研究課題
基盤研究(C)
本研究は南満洲鉄道(以下、満鉄)の本業である鉄道事業について、特に1932年の満洲国成立後を対象に研究を行った。貨物輸送では農産物と鉱産物、旅客輸送では華北からの漢人労働者輸送について解明した。その結果、農産物輸送において大豆に変わり得る品目の不在、鉱産物輸送における大連ー奉天間の輸送輻輳について新知見を加えることができた。さらに漢人労働者輸送においては日本人移民や旅行者を大きく上回る輸送量であったことを明らかにすることができた。さらに教育機関の分布から都市近郊輸送を解明し、さらに並行運河計画と大連-奉天間の輸送輻輳の関係を考察した。
歴史地理学
満鉄は非常に重厚な研究成果をもつ国策会社と信じられてきた。
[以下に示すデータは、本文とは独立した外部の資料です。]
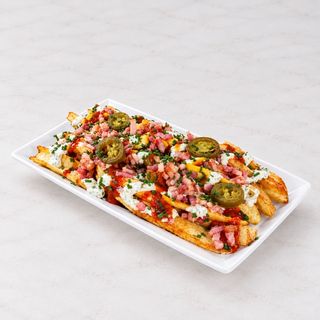 Patatas Tejanas Bravas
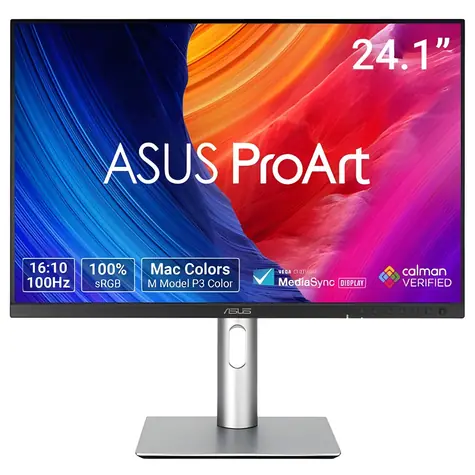 24.1" Asus ProArt PA248QFV čierna/strieborná / Monitor / IPS / WUXGA 1920×1200 / 16:10 / 100 Hz / 350 cd/m2 / DP + HDMI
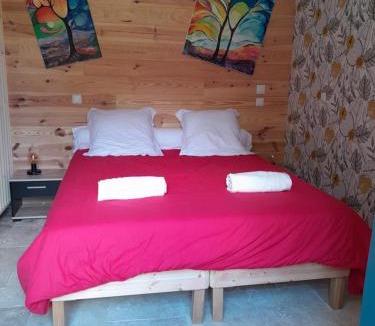 Bertric-Buree Hotel | chambre-spa de la Truffière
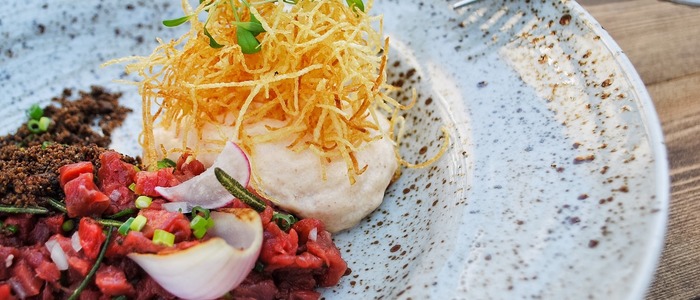 Тартар из говядины Тартар из говядины от Ивлева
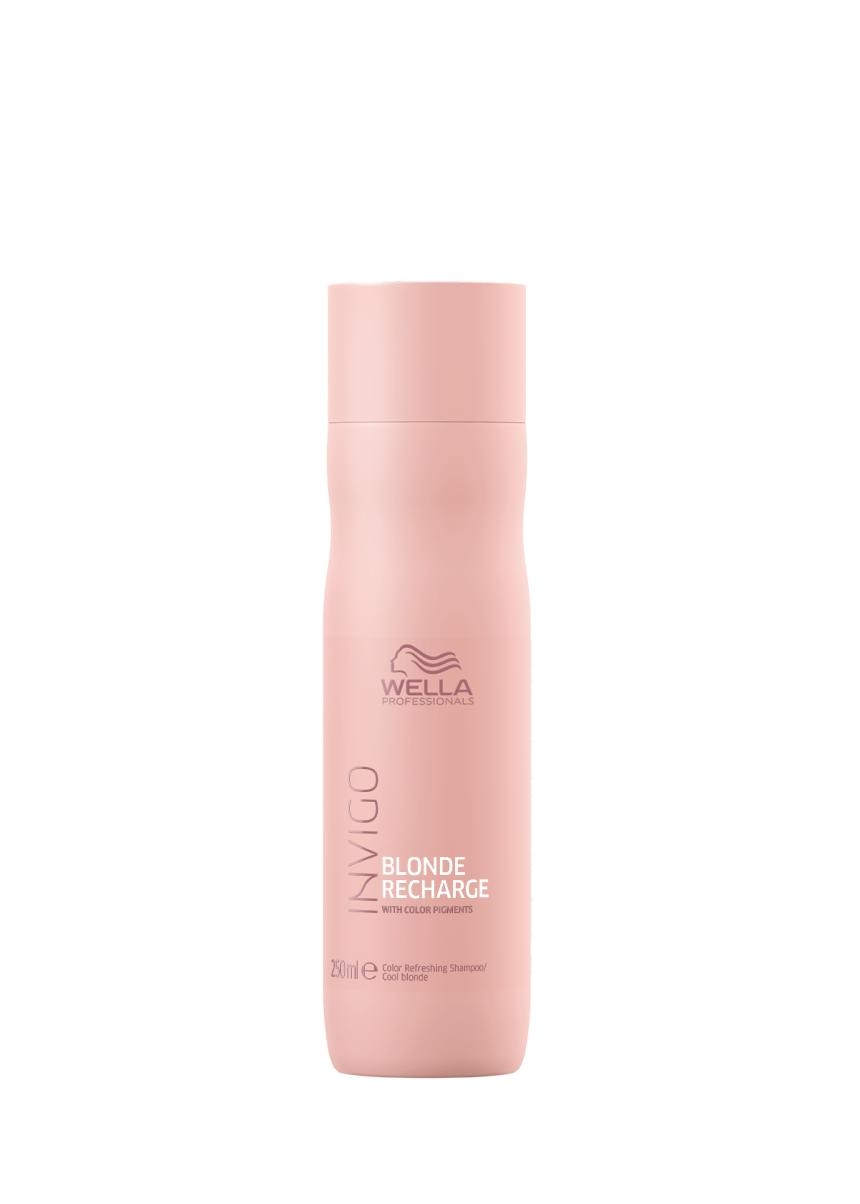 Wella Invigo Cool Blonde Recharge Shampoo 250ml or 1000ml 250ml – Hair Supplies Direct
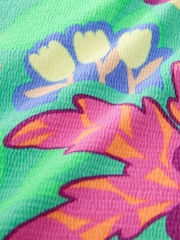 Green Tropical Print Textured Barrel Leg Trousers (3mths-7yrs) - Image 7 of 7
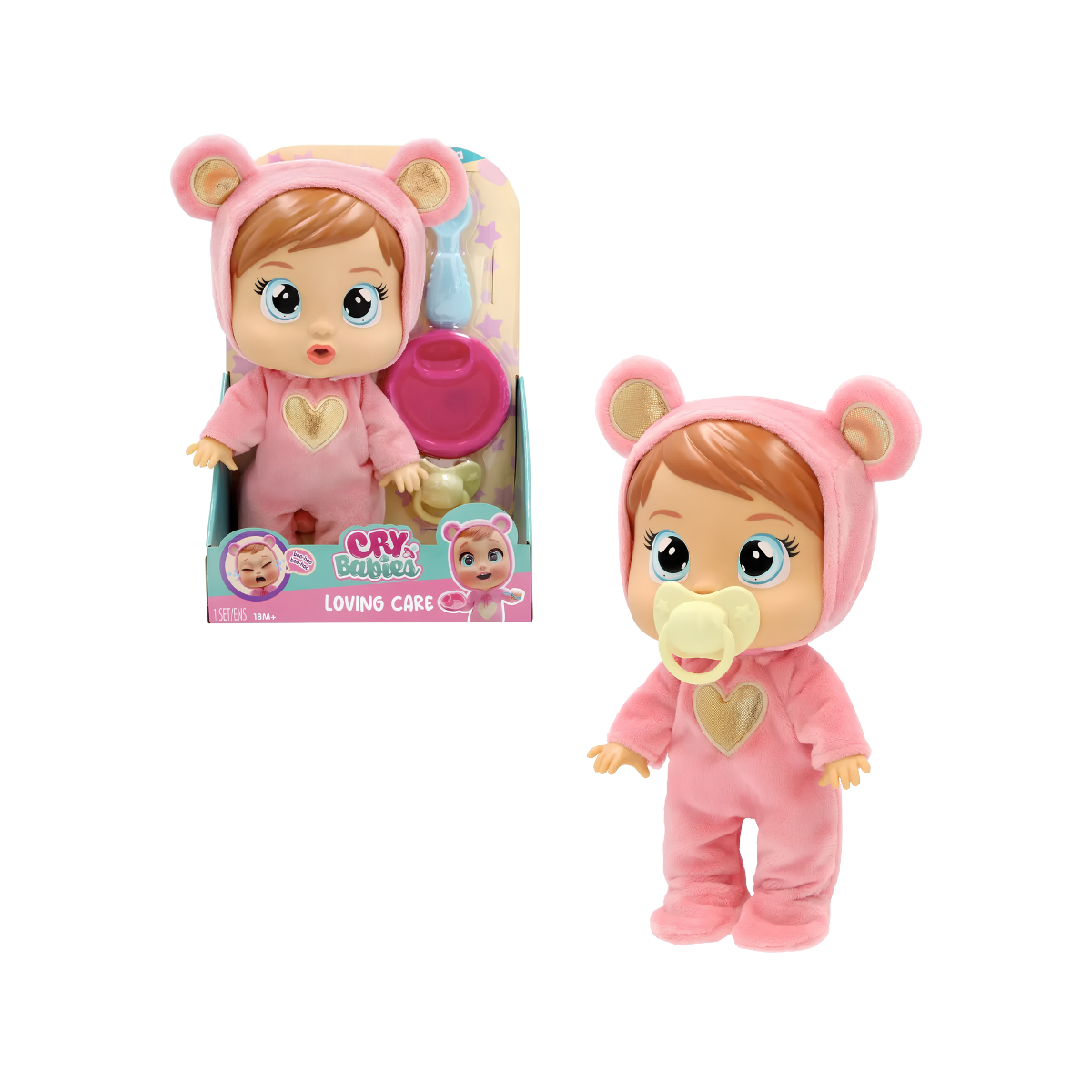 Muñecas Cry Babies Loving Care 25cm (Nina/Lena/Kristal)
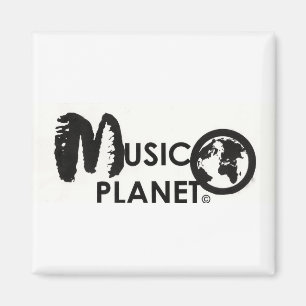 MUSIC PLANET MERCH MAGNET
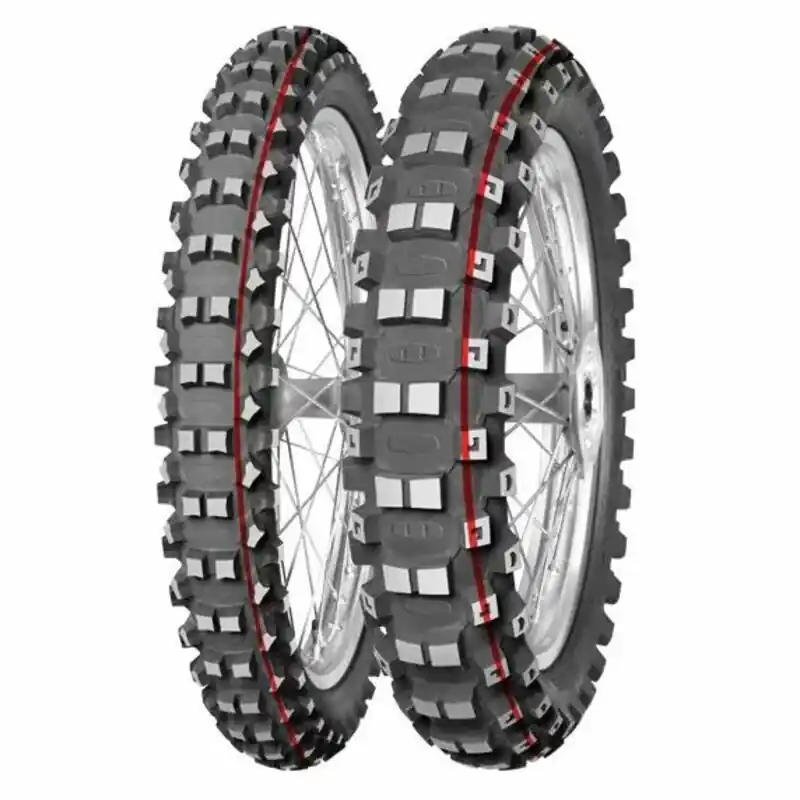 Pneu MITAS TERRA FORCE-MX MH 80/100-12 (2.50-12) NHS 50M TT MEDIUM TO HARD RED GREEN Promotion Saisonnière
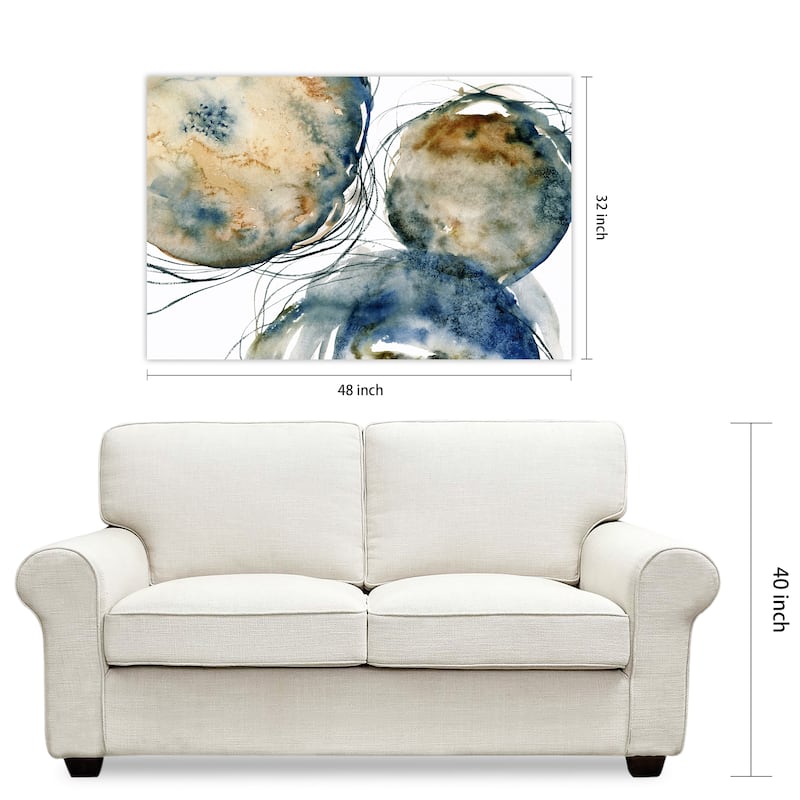 Empire Art"Hibernation I" Frameless Tempered Art Glass Wall Art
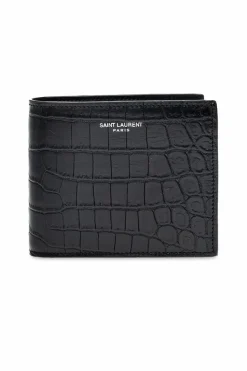 Saint Laurent BLACK Logo wallet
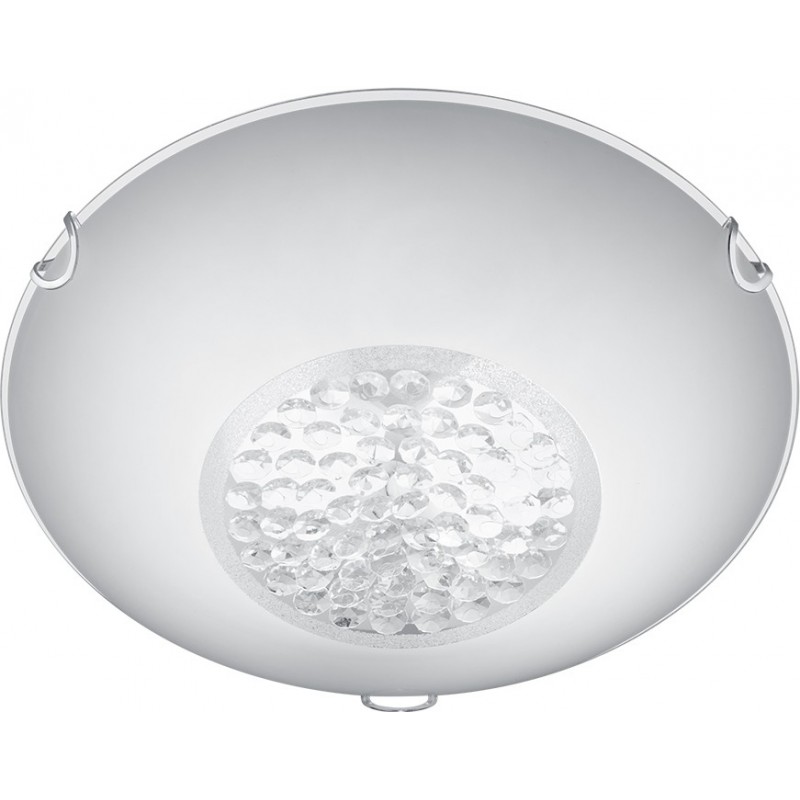 16,95 € Free Shipping | Indoor ceiling light Trio Cormint Round Shape Ø 30 cm. Living room and bedroom. Modern Style. Metal casting. Plated chrome Color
しかし、実際には岡部牧夫の「満鉄は鉄道の運営を第一の事業としていたにもかかわらず,戦後はそれに関する本格的研究が極端に少ない」(岡部編『南満洲鉄道会社の研究』日本経済評論社,2008年, 400頁)のような指摘があり、特急「あじあ」神話が独歩してきた。本研究は、そうした偏った、あるいは誤った満鉄像の修正に寄与することが期待できる。